My impression when I walked the course about 15 months ago was that the majority of the holes (i.e. those south of the dunes) were built on an old potato field/grass farm which did not have any significant "architectural" features.  I do know that C&C incorporated admirably well what small elevation changes there were on the flat part of the original site, but I assumed (and perhaps was told, can't remember) that the finished product involved a significant amount of "creation" as well as "discovery."  If I am wrong, I would be pleased to have anybody who knows the project better than I to put me right.
Title: Re: Pre-Construction pictures of Kingsbarns
Post by: TEPaul on February 08, 2003, 02:48:24 AM
Of course Coore and Crenshaw created the golf architecture on the very flat farmland portion of Friar's Head and of course they had to "tone down" the unimaginable rugged terrain in the dunes section of the golf course.
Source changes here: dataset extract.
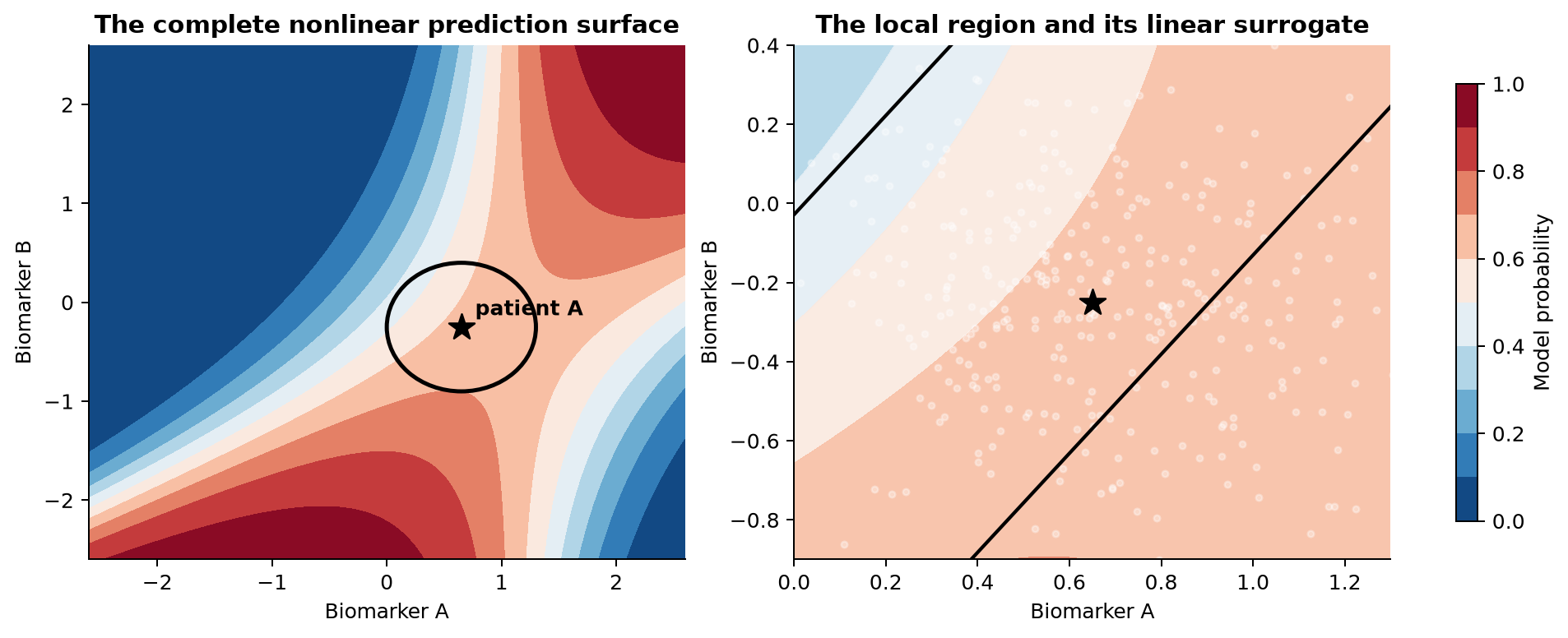 Two panels show a nonlinear colored probability surface. The left marks patient A and a circular neighborhood. The right magnifies that neighborhood and overlays straight contour lines from a local linear surrogate.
I saw photos of the course before construction, I walked the course before construction, during construction and after construction was finished.

The extraordinary thing about their work on that site and course is to see particularly the dunes section before construction as it was hard to imagine how they could ever get golf holes in there (I think Coore was somewhat concerned about their ability to do that too). But walking slowly through that section after construction it's just amazing to me how they did it.

It's so hard to see at this point what they did exactly but there are some great holes in there now. They tied in so well with some of that radical topography that it's just amazing to imagine how they could have done it so well. There's very little in that dune section that looks man-made to me.